>>>

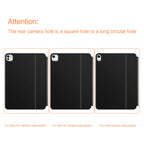 TouchPad Magic Keyboard für iPad Air 11 13 M4 2026 M3 M2 iPad 10 10. Gen. Air 4 5 6 iPad Pro 11 12,9 13'' M5 M4 Smart Cover Hintergrundbeleuchtung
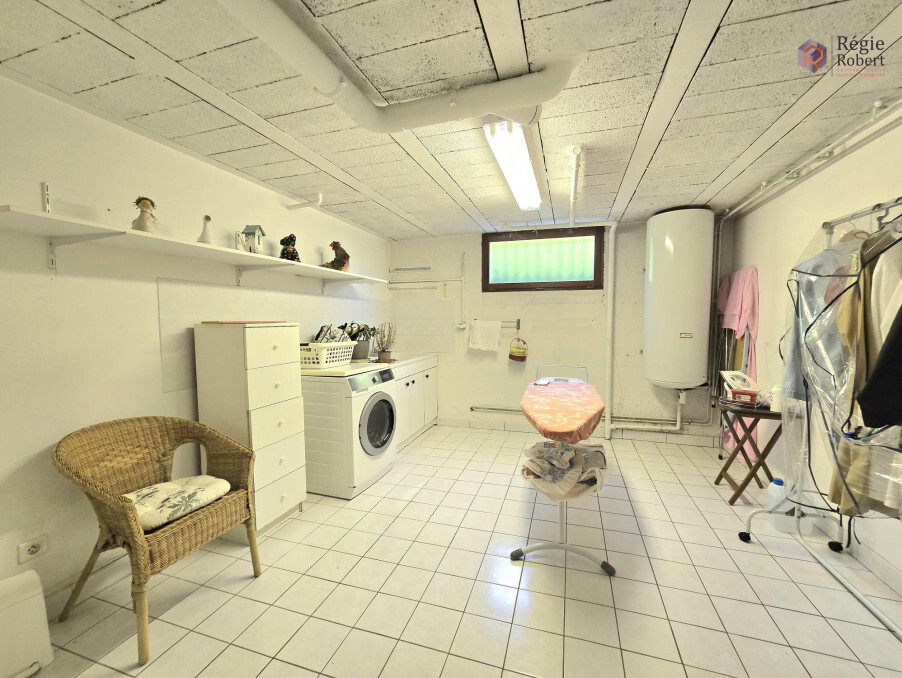 Maison 530 000 €  sur Lachassagne (69480) - Réf. 489 T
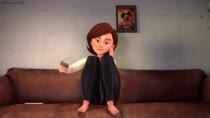 3D Animated Helen_Parr MadrugaSFM Sound Source_Filmmaker The_Incredibles_(film) // 960x540 // 18.5MB // webm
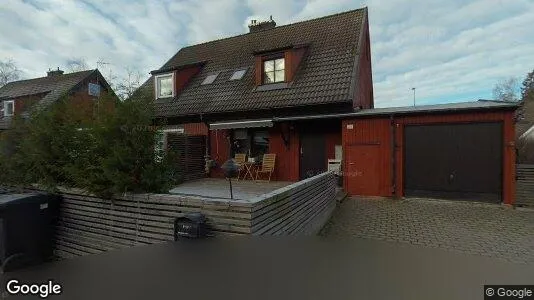 Apartments for rent in Knivsta - Photo from Google Street View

<<<

◆ Task instructions ◆
Your task is to copy word for word the lines from the line containing "Maison 530 000" to the end of the listing, both included, and to drop any pictures.

◆ Task output ◆
 Maison 530 000 €  sur Lachassagne (69480) - Réf. 489 T
 3D Animated Helen_Parr MadrugaSFM Sound Source_Filmmaker The_Incredibles_(film) // 960x540 // 18.5MB // webm
 Apartments for rent in Knivsta - Photo from Google Street View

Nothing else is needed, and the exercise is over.